Ben shook his head. “Too much gear. I doubt more than one person can ride in the back. I’ve got to stay, regardless. I can’t leave my crew.”
“Leave the gear here,” Johnny said. “We’ll dump out all your shit. You can pick it up later.”
“Like hell you will. Who would pay for it? Besides, I’m not doing anything before Wayne and Nick get back. I can’t let you do that. I can’t just leave them here, either.”
Johnny’s jaw tightened. “Your choice.”
“It’s just a little snow,” Kelsey said, feigning more courage than she felt. “We’ll need you, Sarah. We can bring the cars back, no sweat, and get out of here before it gets bad.”
Sarah pressed her lips together and nodded. “Okay,” she muttered. “Okay. It’ll get me out of here faster.”
Two figures watched from the living room window. Kelsey waved and allowed her gaze to travel up, past the porch roof and over a second floor window. A dark shape moved, black on black. Frigid air caught in her chest. Someone was on the second floor. Howard? No—it couldn’t be Howard. They’d combed the house looking for him. They’d looked in every room, even the cramped, unfinished basement. She moved a few, hurried steps toward the RV where Johnny sat hunched over the steering wheel with the driver’s door wide open.
“Coming Kels?”
“Yes. Sarah, too.”
“Ready and willing.” Sarah hugged herself. “I should have brought a warmer coat.”
Kelsey patted her arm. “We planned on staying inside, remember.” A dark figure moved through shadows in her mind’s eye. “Let’s go,” she said.
Sarah ceased her self-hug and clasped Kelsey by the arms. Her eyes narrowed, searching Kelsey’s face. “Something’s wrong,” she said.

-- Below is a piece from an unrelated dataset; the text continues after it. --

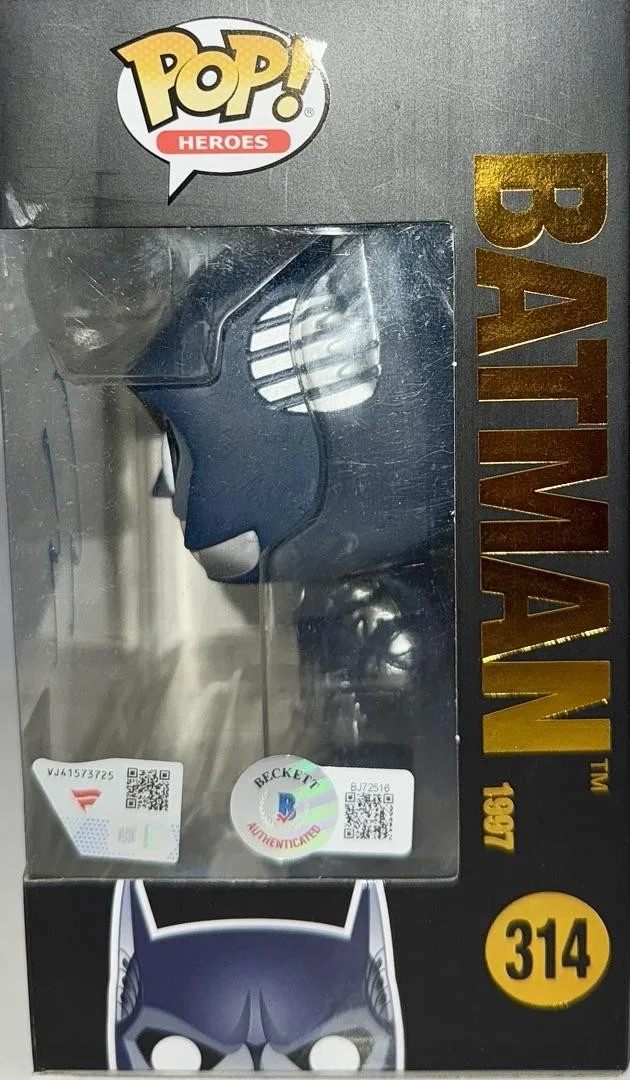 George Clooney — George Clooney Signed Funko Pop #314 Batman (Blue Ink) - Fanatics Beckett COA, изображение 3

“No,” Kelsey lied. “Just ready to go.”
“Get in already,” Johnny hollered from the open RV door. “This battleship is ready to set sail. We’ll be back soon, if we can.”
“Once you get to town, just call the number I gave you,” Ben said, waving toward the RV. “His name’s Don. He’s kind of a good old boy, but I’m sure he won’t mind opening up at night for a war hero.”
Johnny grunted and pulled the door shut. He rubbed his hands together before adjusting the mirror and shifting the gear lever to D1. He looked at Kelsey who had taken the passenger seat. “Ready?”
“More than you know,” she said. “Sarah’s strapped down in the back, too.”
“As tight as I can manage,” Sarah shouted from the vehicle’s cabin.
The transmission groaned as the RV lurched forward. Kelsey caught herself against the dash. They moved in a slow, jerking motion toward the untouched white sheet of snow which had covered the drive. On either side, dark shadow-lines of grass broke through the pristine surface.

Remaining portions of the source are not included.